2 responses to “Blog 3: Simmel on Fashion

  1. Your example of style and fashion in The Hunger Games is a great one to bring up, especially when examining Simmel’s point that oftentimes fashionable clothing items have no practical value. The garish and outlandish shapes and colors of the Capitol clothing serves no purpose other than to catch someone’s eye, what one might call “peacocking.” Although in truth, an actual peacock engages in this namesake practice in order to find a mate, a much more useful function. Additionally, the abhorrence that the citizens of the other districts have for the Capitol manner of dress and the way they respond to it presents a vastly different relationship situation between the upper and lower classes than the one Simmel discusses when writing about his conception of “fashion.”
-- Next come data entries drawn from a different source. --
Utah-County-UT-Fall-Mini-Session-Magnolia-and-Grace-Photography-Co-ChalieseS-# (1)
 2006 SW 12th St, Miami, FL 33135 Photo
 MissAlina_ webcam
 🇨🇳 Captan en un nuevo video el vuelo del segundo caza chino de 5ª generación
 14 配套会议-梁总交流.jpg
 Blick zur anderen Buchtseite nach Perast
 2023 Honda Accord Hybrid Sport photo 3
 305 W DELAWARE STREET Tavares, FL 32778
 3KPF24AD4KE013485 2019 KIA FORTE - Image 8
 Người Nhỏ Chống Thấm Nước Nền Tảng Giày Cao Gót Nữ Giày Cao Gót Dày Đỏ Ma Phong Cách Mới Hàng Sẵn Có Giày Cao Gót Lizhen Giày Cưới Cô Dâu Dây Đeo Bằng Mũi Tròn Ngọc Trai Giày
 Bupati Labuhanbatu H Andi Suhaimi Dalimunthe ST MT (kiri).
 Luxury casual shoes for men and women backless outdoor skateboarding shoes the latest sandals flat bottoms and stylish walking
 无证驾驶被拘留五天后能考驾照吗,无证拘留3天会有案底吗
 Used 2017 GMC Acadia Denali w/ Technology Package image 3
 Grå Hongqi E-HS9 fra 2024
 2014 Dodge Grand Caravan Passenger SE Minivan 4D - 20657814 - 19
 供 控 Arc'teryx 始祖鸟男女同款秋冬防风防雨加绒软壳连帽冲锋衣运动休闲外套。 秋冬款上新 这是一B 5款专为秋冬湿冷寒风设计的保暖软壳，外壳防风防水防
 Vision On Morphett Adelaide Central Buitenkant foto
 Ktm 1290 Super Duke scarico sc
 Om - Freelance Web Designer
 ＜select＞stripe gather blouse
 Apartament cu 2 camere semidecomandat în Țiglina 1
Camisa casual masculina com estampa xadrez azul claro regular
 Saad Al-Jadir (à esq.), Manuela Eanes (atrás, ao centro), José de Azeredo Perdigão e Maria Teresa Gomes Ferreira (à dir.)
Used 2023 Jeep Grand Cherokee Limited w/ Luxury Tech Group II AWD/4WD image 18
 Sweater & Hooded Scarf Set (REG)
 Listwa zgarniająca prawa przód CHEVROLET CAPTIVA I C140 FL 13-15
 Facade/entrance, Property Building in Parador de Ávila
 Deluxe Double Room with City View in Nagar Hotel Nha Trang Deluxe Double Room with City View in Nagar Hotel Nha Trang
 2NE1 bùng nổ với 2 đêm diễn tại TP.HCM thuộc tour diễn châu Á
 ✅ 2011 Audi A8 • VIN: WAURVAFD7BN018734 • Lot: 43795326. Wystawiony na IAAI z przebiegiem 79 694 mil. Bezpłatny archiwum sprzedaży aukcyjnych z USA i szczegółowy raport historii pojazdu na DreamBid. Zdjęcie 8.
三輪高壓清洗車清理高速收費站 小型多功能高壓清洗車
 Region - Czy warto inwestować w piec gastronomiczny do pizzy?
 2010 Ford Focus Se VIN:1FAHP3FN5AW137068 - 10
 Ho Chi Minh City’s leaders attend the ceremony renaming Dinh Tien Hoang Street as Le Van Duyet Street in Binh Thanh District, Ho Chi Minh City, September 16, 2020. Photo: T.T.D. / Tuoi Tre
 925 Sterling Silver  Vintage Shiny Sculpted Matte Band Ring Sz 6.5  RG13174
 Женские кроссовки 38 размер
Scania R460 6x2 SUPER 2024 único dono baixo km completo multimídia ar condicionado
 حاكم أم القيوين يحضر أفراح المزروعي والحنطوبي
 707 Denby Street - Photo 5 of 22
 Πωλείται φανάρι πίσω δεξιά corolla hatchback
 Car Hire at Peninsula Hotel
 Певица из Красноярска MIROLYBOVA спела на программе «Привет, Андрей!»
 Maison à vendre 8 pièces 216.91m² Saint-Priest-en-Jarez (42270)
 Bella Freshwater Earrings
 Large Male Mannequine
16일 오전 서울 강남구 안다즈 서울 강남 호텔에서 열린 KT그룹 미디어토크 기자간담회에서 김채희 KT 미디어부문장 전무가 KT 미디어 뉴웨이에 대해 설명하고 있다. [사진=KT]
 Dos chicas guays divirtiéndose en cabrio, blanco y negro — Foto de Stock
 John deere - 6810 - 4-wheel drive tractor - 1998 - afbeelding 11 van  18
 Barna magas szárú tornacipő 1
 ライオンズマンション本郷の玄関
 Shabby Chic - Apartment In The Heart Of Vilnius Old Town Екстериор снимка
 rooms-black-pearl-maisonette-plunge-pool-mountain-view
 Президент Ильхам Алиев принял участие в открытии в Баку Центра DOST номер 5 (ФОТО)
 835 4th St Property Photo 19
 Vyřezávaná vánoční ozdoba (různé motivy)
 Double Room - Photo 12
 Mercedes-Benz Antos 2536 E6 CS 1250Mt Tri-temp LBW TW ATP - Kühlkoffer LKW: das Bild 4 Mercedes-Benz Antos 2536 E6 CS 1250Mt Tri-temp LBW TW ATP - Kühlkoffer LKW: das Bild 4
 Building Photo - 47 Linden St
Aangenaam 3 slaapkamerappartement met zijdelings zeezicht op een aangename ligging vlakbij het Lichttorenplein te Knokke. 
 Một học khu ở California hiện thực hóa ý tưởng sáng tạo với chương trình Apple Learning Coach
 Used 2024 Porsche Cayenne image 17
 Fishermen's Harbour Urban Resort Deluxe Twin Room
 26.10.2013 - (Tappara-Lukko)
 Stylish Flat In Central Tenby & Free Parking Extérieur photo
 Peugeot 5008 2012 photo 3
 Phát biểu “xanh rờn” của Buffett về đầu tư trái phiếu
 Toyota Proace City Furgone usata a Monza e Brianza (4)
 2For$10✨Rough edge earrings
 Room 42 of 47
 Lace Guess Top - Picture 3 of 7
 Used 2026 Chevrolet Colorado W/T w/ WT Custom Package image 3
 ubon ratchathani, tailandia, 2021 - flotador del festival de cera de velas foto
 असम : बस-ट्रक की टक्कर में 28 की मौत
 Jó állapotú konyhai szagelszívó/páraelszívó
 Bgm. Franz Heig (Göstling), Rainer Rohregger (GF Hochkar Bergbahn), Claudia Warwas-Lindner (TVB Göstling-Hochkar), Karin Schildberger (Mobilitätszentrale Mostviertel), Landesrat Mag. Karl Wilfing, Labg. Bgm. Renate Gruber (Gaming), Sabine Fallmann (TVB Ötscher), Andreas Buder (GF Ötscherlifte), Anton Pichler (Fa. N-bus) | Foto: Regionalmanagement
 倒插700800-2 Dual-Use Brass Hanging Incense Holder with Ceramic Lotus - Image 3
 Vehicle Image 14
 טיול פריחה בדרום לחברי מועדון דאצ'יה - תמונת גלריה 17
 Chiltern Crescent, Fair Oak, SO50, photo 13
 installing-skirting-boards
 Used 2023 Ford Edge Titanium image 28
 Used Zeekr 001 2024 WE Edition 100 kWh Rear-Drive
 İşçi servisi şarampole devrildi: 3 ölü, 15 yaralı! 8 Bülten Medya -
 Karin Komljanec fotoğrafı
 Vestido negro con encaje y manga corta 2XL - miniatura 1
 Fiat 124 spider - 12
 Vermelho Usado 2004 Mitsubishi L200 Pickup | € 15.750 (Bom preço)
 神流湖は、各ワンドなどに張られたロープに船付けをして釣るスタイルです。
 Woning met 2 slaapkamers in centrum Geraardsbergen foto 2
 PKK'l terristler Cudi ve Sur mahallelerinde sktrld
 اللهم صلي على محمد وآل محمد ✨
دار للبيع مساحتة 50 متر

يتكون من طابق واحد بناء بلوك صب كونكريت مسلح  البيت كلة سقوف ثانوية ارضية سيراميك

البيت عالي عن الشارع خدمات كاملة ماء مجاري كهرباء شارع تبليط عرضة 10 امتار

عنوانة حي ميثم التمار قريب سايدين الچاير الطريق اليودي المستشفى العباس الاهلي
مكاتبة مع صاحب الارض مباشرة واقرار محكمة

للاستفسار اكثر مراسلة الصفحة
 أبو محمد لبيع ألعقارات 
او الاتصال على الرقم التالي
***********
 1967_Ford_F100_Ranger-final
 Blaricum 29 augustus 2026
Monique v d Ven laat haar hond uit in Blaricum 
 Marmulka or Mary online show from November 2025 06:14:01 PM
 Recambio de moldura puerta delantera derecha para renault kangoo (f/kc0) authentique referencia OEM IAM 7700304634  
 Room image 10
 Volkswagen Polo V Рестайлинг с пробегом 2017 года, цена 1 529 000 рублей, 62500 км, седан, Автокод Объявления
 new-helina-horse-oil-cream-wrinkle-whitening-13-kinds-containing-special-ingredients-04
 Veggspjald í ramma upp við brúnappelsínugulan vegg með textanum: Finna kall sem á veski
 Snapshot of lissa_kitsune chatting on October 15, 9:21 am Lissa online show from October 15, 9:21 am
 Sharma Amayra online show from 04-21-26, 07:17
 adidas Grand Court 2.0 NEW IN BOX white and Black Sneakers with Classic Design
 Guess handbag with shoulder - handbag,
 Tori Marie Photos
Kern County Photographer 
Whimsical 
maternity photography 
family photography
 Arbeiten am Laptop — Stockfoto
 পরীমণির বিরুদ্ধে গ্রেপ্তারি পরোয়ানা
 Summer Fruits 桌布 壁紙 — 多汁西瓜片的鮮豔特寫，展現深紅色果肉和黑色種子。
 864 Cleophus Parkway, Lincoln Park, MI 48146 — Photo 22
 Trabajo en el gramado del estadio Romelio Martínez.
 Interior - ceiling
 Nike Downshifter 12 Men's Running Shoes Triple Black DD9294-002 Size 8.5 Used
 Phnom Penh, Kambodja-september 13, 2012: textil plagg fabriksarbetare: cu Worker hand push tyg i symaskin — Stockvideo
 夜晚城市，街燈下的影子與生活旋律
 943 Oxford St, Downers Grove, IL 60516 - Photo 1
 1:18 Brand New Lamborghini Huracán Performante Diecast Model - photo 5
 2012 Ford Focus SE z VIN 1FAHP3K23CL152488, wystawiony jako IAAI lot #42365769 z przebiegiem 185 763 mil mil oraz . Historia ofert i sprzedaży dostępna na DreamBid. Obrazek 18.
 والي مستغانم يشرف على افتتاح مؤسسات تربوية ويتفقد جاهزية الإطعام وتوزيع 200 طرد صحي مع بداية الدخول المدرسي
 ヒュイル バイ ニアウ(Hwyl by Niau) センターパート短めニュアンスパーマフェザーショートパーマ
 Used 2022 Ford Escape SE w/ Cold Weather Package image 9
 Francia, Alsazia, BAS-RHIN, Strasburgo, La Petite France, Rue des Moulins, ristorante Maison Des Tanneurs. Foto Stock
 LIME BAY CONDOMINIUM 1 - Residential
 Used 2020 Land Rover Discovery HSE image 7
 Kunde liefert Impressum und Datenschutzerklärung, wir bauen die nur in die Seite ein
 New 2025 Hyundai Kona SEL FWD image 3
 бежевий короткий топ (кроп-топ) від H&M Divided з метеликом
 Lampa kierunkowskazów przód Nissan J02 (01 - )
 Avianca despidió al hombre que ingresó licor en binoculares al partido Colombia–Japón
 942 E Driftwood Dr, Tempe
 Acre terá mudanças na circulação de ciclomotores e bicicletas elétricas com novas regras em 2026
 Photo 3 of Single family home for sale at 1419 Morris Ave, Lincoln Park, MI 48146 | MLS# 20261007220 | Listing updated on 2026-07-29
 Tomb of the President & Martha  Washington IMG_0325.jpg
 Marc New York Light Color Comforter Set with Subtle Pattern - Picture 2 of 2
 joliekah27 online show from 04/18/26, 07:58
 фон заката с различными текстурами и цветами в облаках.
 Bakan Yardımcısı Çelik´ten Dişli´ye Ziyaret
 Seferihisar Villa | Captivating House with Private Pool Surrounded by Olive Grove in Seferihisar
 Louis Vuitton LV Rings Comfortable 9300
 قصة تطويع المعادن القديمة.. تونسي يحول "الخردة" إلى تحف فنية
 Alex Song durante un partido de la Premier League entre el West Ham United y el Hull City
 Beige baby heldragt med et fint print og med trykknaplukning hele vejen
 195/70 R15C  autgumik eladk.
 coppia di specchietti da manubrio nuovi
  2. Fascinating post, potent visual. Now I have another reason to finally see “Hunger Games” From what you describe, fashion seems to play an especially strong role in social stratification in this fictional society. The influence of fashion is even evident in the practices of district citizens, who reject it. As Simmel notes:

    “If obedience to fashion consists in imitation of such an example, conscious neglect of fashion represents similar imitation, but under an inverse sign. The latter, however, furnishes just as fair testimony of the power of the social tendency, which demands our dependence in some positive or negative manner” (p. 331).